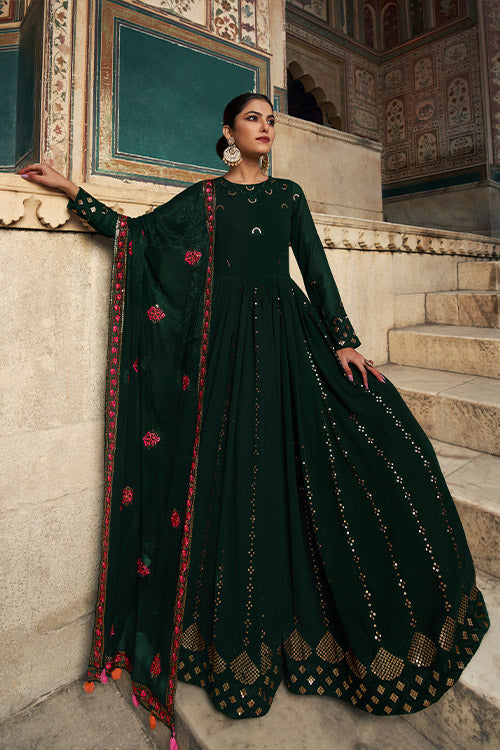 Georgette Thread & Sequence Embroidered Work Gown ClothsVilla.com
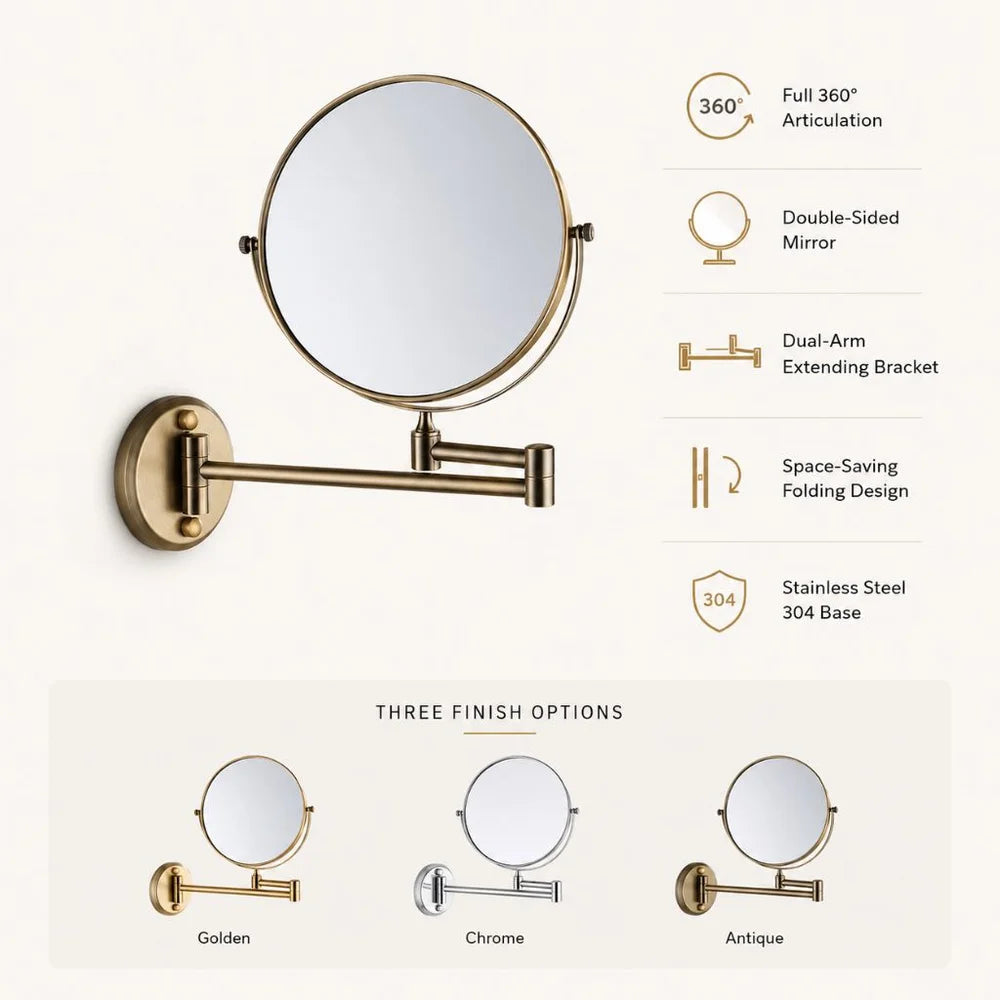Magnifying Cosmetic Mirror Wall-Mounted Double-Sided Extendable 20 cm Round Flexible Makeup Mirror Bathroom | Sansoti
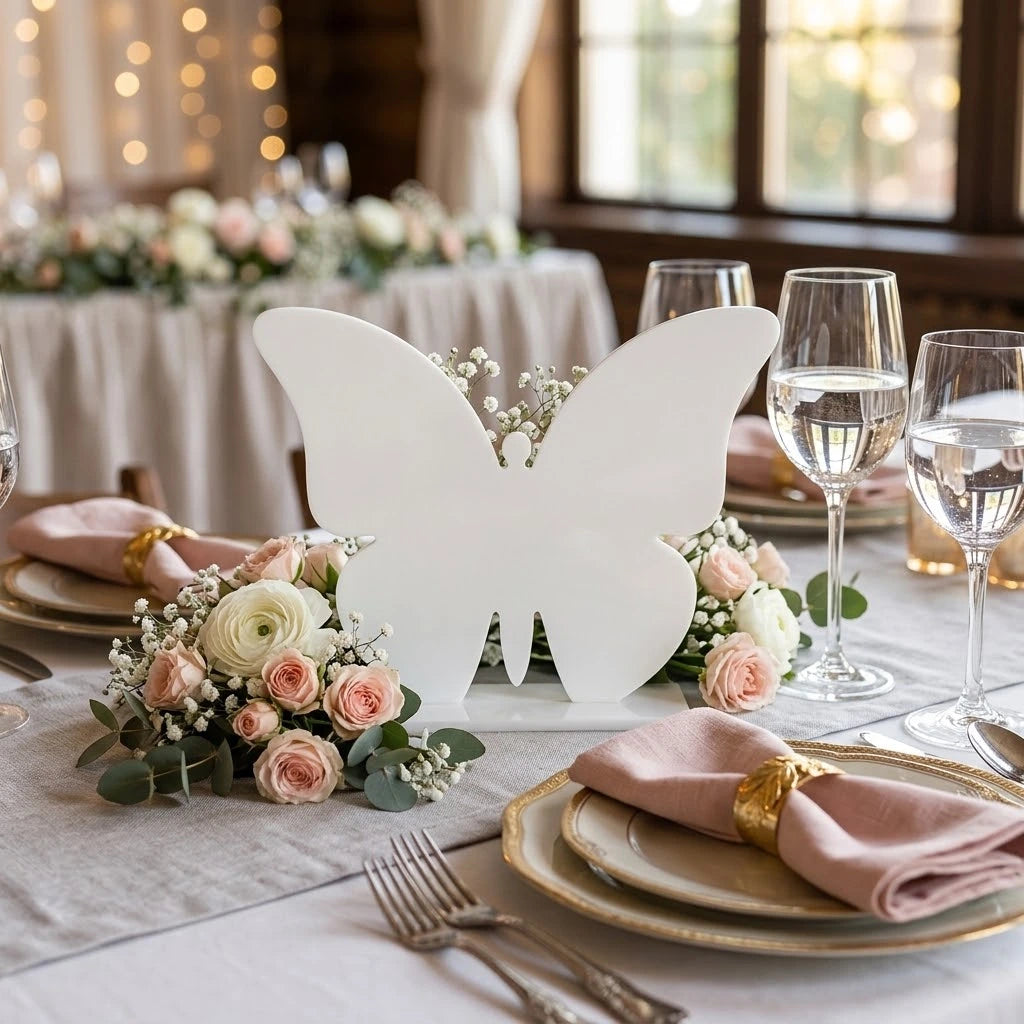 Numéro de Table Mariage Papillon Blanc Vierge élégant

--------------------------------

• [Work item]: The material above must be set down word for word, with no picture carried over.

• [Answer space]:
 Georgette Thread & Sequence Embroidered Work Gown ClothsVilla.com
Magnifying Cosmetic Mirror Wall-Mounted Double-Sided Extendable 20 cm Round Flexible Makeup Mirror Bathroom | Sansoti
 Numéro de Table Mariage Papillon Blanc Vierge élégant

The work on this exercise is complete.